The pin is putting a dent in the primer but that's it.
I've never had a miss fire with my gun.

I've talked to a couple people they say clean it well.. which we have.
3rd time out still same issue.

Will call Springfield this week.

Anyone else have this problem with there XDs?


----------



## SP3 (Nov 25, 2009)

well, that certainly sucks. I'm thinking that if it were mine (and I just looked at one two days ago as a 'next purchase') I would be asking for a new replacement if for no other reason than the hassle I'm going through. Recalled for X and now it's got a new problem?!? I'll be watching this thread.


----------



## VAMarine (Dec 25, 2008)

I think this is the 2nd or third report I've heard of a gun coming back from recall with failure to fire issues. Better contact Springfield again.


----------



## nh1911 (Jul 26, 2013)

Sorry to hear about your XDs CHmajor
I had originally posted about my recall and return via FedEx few months back. So here is my update:

I received mine Monday 11-25, after nearly 3 months. I had shipped it in bubble wrap and cardboard box. I received it in a nice little hard plastic carry case and they included a 7 round extended mag. I was impressed with that.

After a quick cleaning due to the nasty grime all over it, I went to the range Tues. 200 rounds and not a whimper! last two mags the slide didn't lock back, however that was due to firing support handed and weak wrists. 

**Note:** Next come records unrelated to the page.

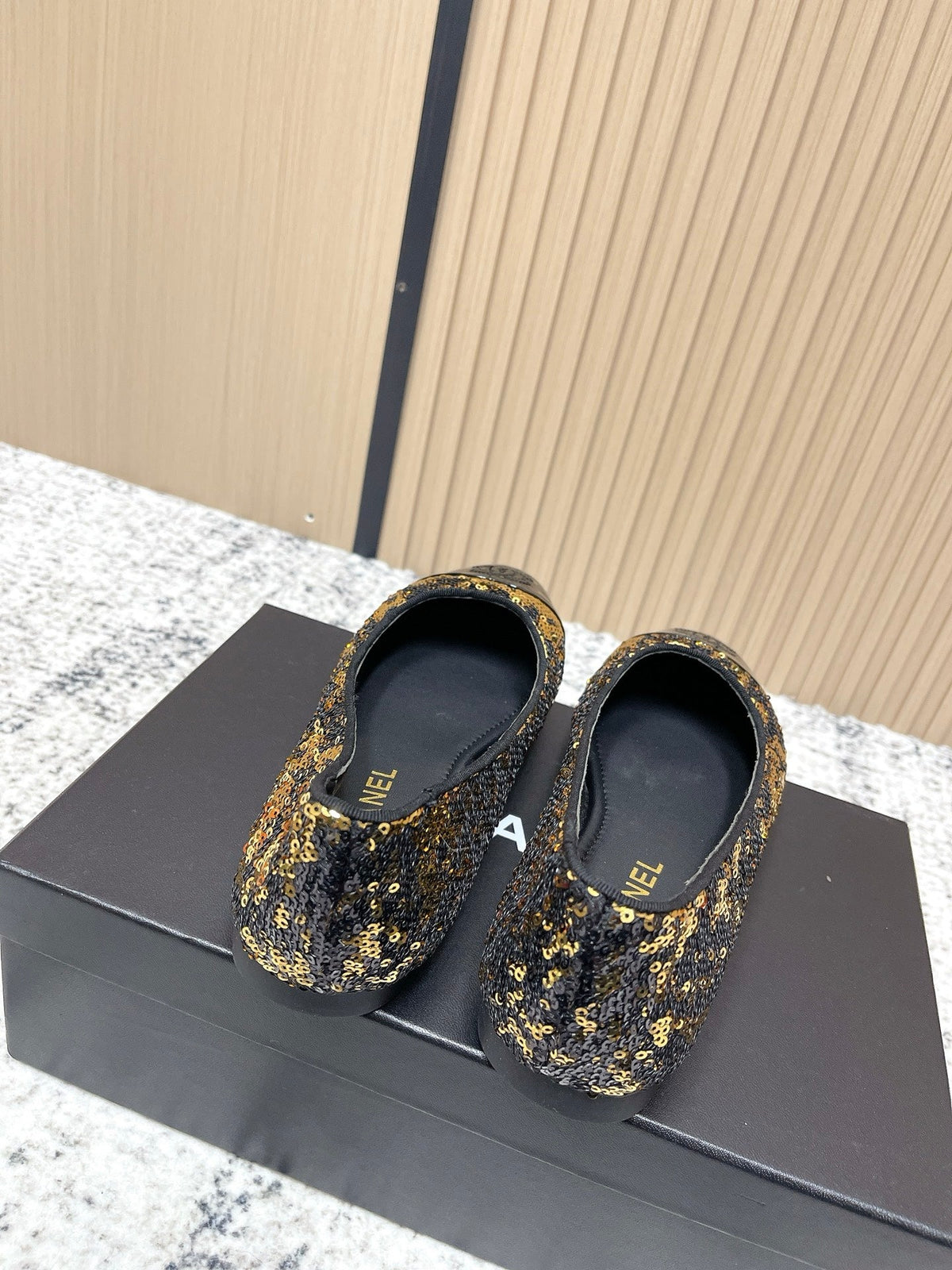Chanel Coco Mark Ballet Flat Black with Gold in Lambskin 591379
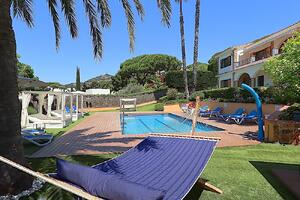 K23 Villa Borghese Отдельный дом / Villa Canyelles Lloret de Mar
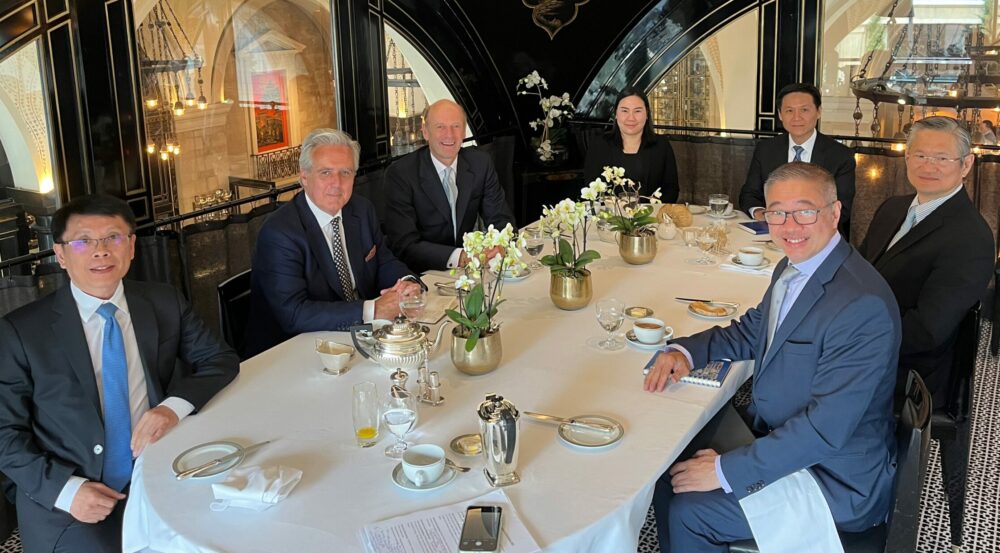 Mark Garnier OBE MP, Khun Chartsiri Sophonpanich, Chairman of TUBLC and President of Bangkok Bank, Rupert Goodman, Chairman of TUBC, and and senior officials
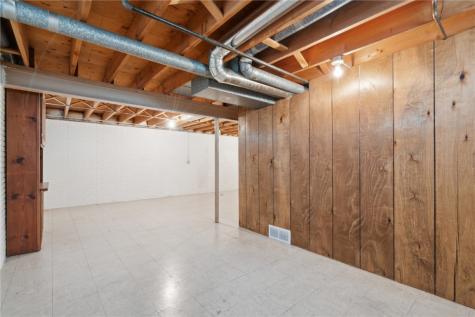 32 29th Avenue SW Cedar Rapids IA 52404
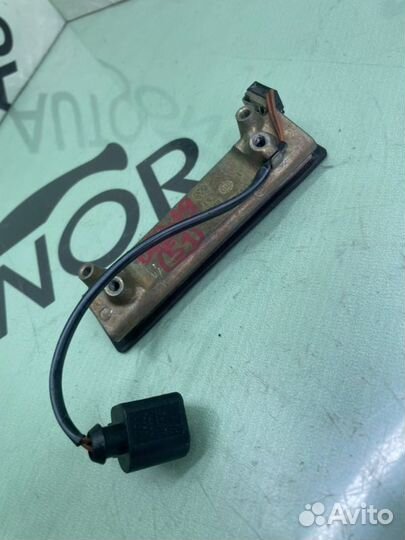 Кнопка багажника Volkswagen Touareg 7L дорест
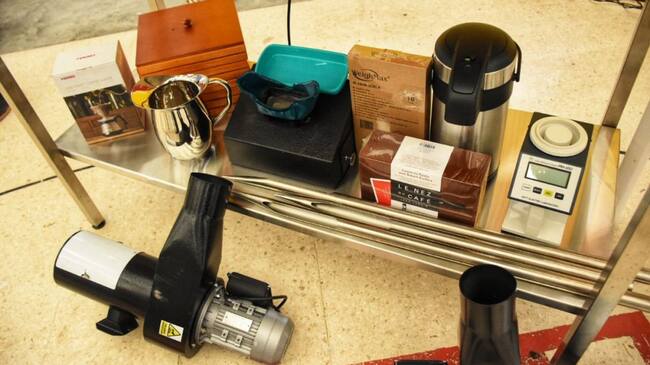 Elementos para el laboratorio de café en Líbano.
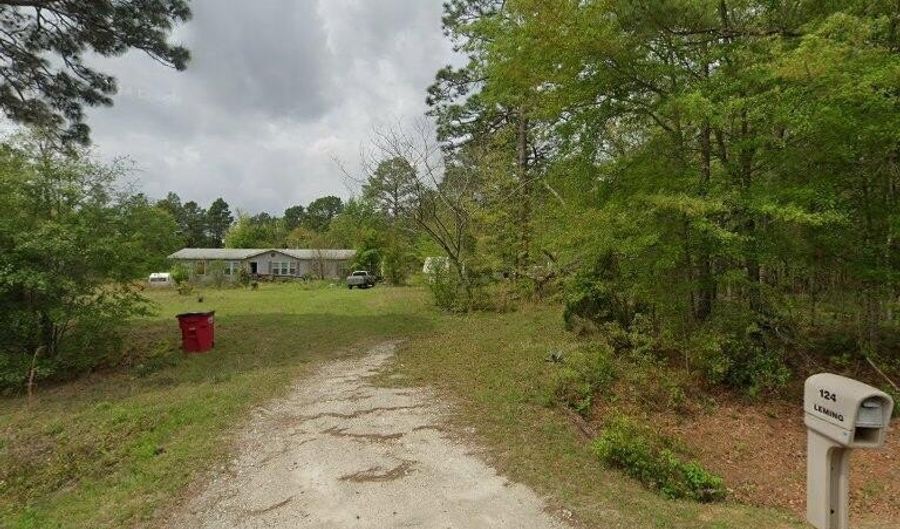 124 Tanglewood Dr, Albany, GA 31705 - 3 Beds, 2 Bath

Purpose of recall was trigger safety something or another. trigger reset seemed a little long but that could have been due to lack of use recently. Oh and playing around with a Sig P6 which has a heavy da/sa but nice short reset.

Asked range manager about any other XDs that have come in and he said same thing about trigger reset with other customers. Springfield has been excellent with the emails, customer service and voluntary recall in my opinion. Turn around time would be the only hiccup but due to massive amounts of guns that needed repair it was not entirely unacceptable. 

I do know however the recall will turn people off with buying the XDs. Will there be several used ones for sale? IDK? I plan on keeping mine


----------



## Glock Doctor (Mar 14, 2011)

:smt011 NOT GOOD! 

(Looks like I'm going to be buying something else.)


----------



## berettatoter (Sep 1, 2011)

Sounds like Springfield needs to just slow that bus down a bit and concentrate on making the extreme quality handguns they are known for. They seem to be spitting out a new model every other business quarter.


----------